100G - Whitebox

Mon Dec 4 20:30:32 UTC 2017

Mike,

Whether it becomes a practical problem depends on the use case and by
that I mean buffers can cut both ways.  If buffers are too small,
traffic can be dropped and even worse, other traffic could be affected
depending on factors like ASIC design an HOLB.  Too large, latency or
order sensitive traffic can be adversely affected.

We're still dealing with the same limitations of switching which were
identified 30+ years ago as the technology was developed.  Sure we have
better chips, the options of better buffers and years ago experience to
help minimize those limitations, but those still exist and likely always
will with switching.

Honestly at this point it comes down to understanding what the use case
it and understanding the nuances that each vendor's offerings provide
and determining where things line up.  Then test test test.

-- Stephen

On 2017-12-04 2:45 PM, Mike Hammett wrote:
> In terms of 1G - 10G steps, it looks like UCSC has done some of that homework already. 
> 
> 
> https://people.ucsc.edu/~warner/Bufs/summary 
> 
> 
> "Ability to buffer 6 Mbytes is sufficient for a 10 Gb/s sender and a 1 Gb/s receiver." I'd suspect 10x would be appropriate for 100G - 10G (certainly made more accurate by testing). 
> 
> 
> http://people.ucsc.edu/~warner/I2-techs.ppt 
> 
> 
> 
> Looking through their table ( https://people.ucsc.edu/~warner/buffer.html ), it looks like more switches than not in the not-100g realm have just enough buffers to handle one, possibly two mis-matches at a time.
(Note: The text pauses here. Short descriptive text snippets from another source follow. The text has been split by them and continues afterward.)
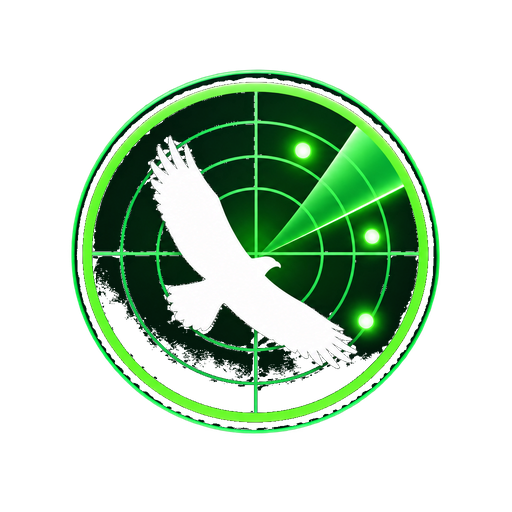 RaptorWX hawk radar logo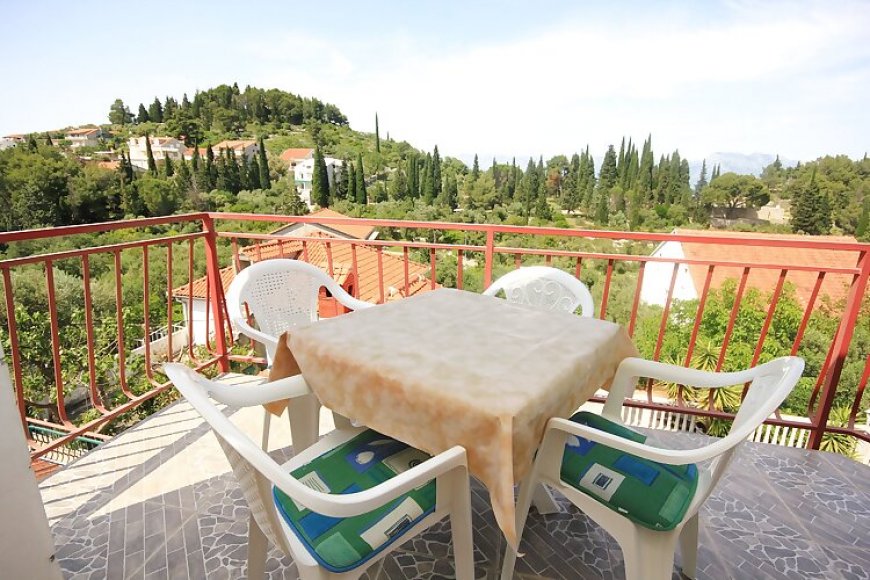 Apartmanok Parkolóhellyel Trpanj, Peljesac - 10083 Trpanj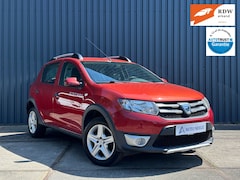 Dacia Sandero Stepway - 0.9 TCe 90 pk Lauréate Trekhaak, Airco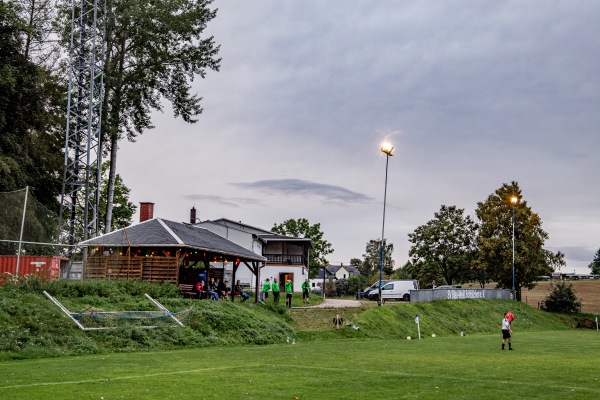 Sportplatz Schlößchen - Amtsberg-Schlößchen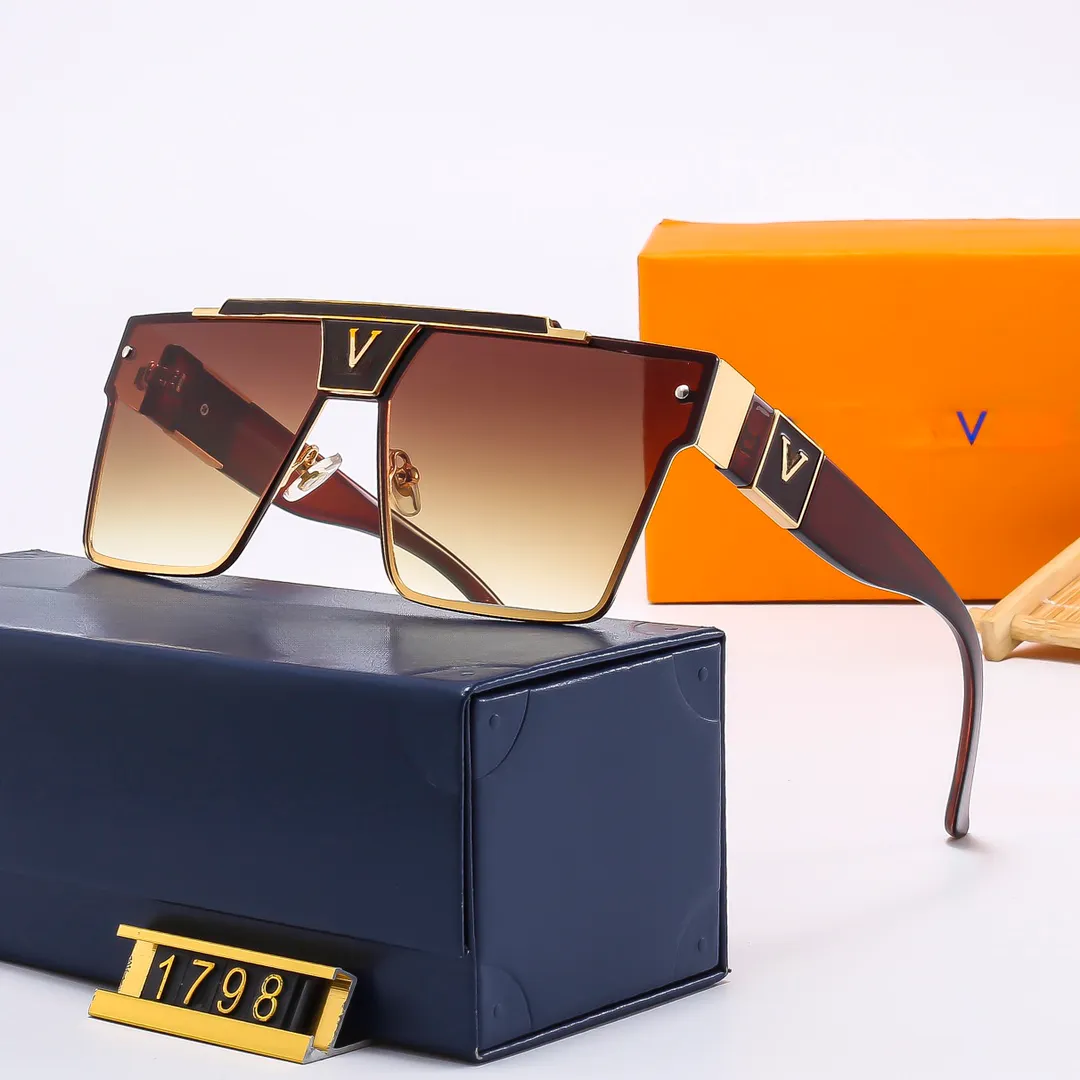 Designer Unisex Fashion Sunglasses For Driving Beach Parties And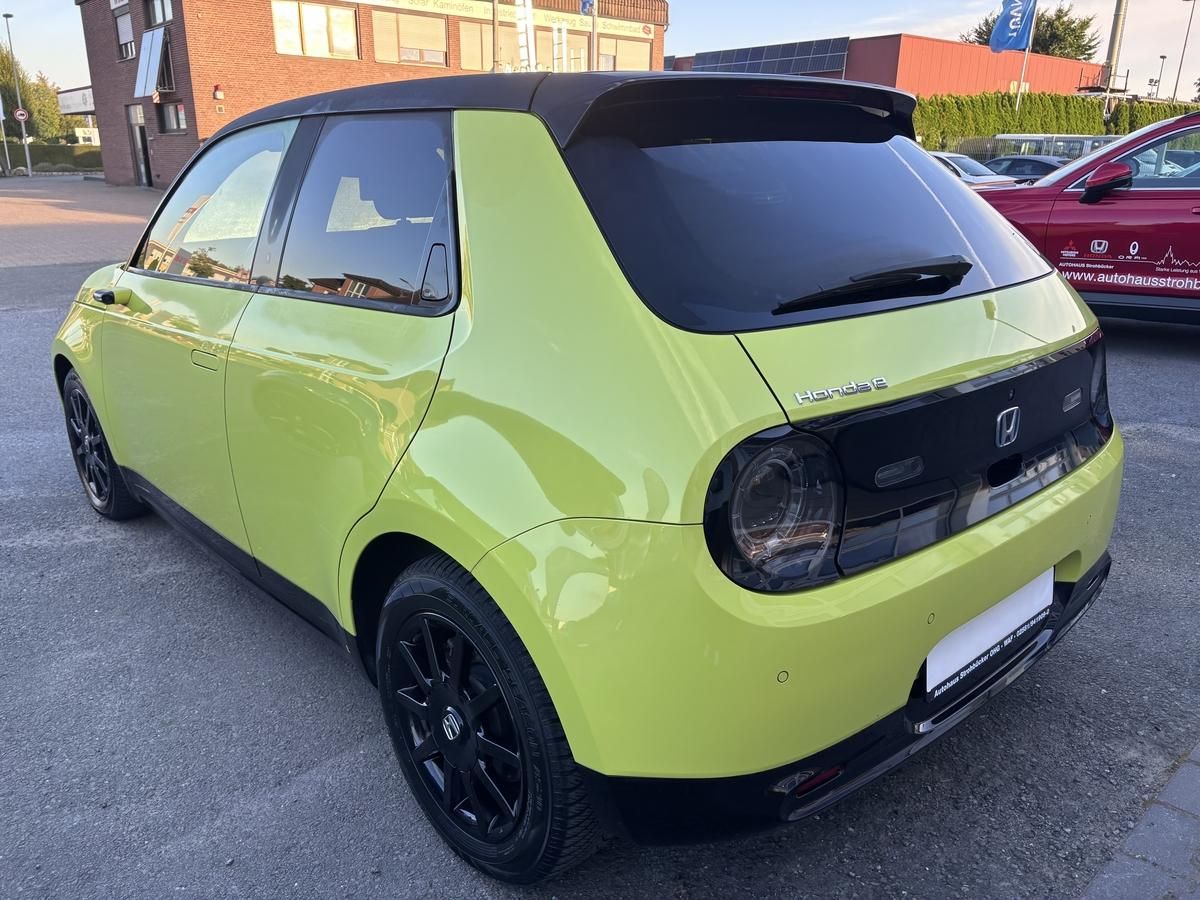 Honda e ALLWETTER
Some barely don't have enough and others are woefully inadequate. 
> 
> 
> 
> ----- 
> Mike Hammett 
> Intelligent Computing Solutions 
> http://www.ics-il.com 
> 
> Midwest-IX 
> http://www.midwest-ix.com 
> 
> ----- Original Message -----
> 
> From: "Nick Hilliard" <nick at foobar.org> 
> To: "Mikael Abrahamsson" <swmike at swm.pp.se> 
> Cc: "NANOG list" <nanog at nanog.org> 
> Sent: Monday, August 21, 2017 6:10:17 AM 
> Subject: Re: 100G - Whitebox 
> 
> Mikael Abrahamsson wrote: 
>> On Sun, 20 Aug 2017, Nick Hilliard wrote: 
>>> Mostly you can engineer around this, but it's not as simple as saying 
>>> that small-buffer switches aren't suitable for an IXP. 
>>
>> Could you please elaborate on this? 
>>
>> How do you engineer around having basically no buffers at all, and 
>> especially if these very small buffers are shared between ports. 
> 
> you assess and measure, then choose the appropriate set of tools to deal 
> with your requirements and which is cost appropriate for your 
> financials, i.e. the same as in any engineering situation. 
> 
> At an IXP, it comes down to the maximum size of tcp stream you expect to 
> transport. This will vary depending on the stakeholders at the IXP, 
> which usually depends on the size of the IXP. Larger IXPs will have a 
> wider traffic remit and probably a much larger variance in this regard. 
> Smaller IXPs typically transport content to access network data, which 
> is usually well behaved traffic. 
> 
> Traffic drops on the core need to be kept to the minimum, particularly 
> during normal operation. Eliminating traffic drops is unnecessary and 
> unwanted because of how IP works, so in your core you need to aim for 
> either link overengineering or else enough buffering to ensure that 
> site-to-site latency does not exceed X ms and Y% packet loss. Each 
> option has a cost implication. 
> 
> At the IXP participant edge, there is a different set of constraints 
> which will depend on what's downstream of the participant, where the 
> traffic flows are, what size they are, etc. In general, traffic loss at 
> the IXP handoff will tend only to be a problem if there is a disparity 
> between the bandwidth left available on the egress direction and the 
> maximum link speed downstream of the IXP participant. 
> 
> For example, a content network has servers which inject content at 10G, 
> which connects through a 100G IXP port. The egress IXP port is a 
> mid-loaded 1G link which connects through to 10mbit WISP customers. In 
> this case, the ixp will end up doing negligible buffering because most 
> of the buffering load will be handled on the WISP's internal 
> infrastructure, specifically at the core-to-10mbit handoff. The IXP 
> port might end up dropping a packet or two during the initial tcp burst, 
> but that is likely to be latency specific and won't particularly harm 
> overall performance because of tcp slow start. 
> 
> On the other hand, if it were a mid-loaded 1G link with 500mbit access 
> customers on the other side (e.g. docsis / gpon / ftth), then the IXP 
> would end up being the primary buffering point between the content 
> source and destination and this would cause problems. The remedy here 
> is either for the ixp to move the customer to a buffered port (e.g. 
> different switch), or for the access customer to upgrade their link. 
> 
> If you want to push 50G-80G streams through an IXP, I'd argue that you 
> really shouldn't, not just because of cost but also because this is very 
> expensive to engineer properly and you're also certainly better off with 
> a pni. 
> 
> This approach works better on some networks than others. The larger the 
> IXP, the more difficult it is to manage this, both in terms of core and 
> edge provisioning, i.e. the greater the requirement for buffering in 
> both situations because you have a greater variety of streaming scales 
> per network. So although this isn't going to work as well for top-10 
> ixps as for mid- or smaller-scale ixps, where it works, it can provide 
> similar quality of service at a significantly lower cost base. 
> 
> IOW, know your requirements and choose your tools to match. Same as 
> with all engineering. 
> 
> Nick 
>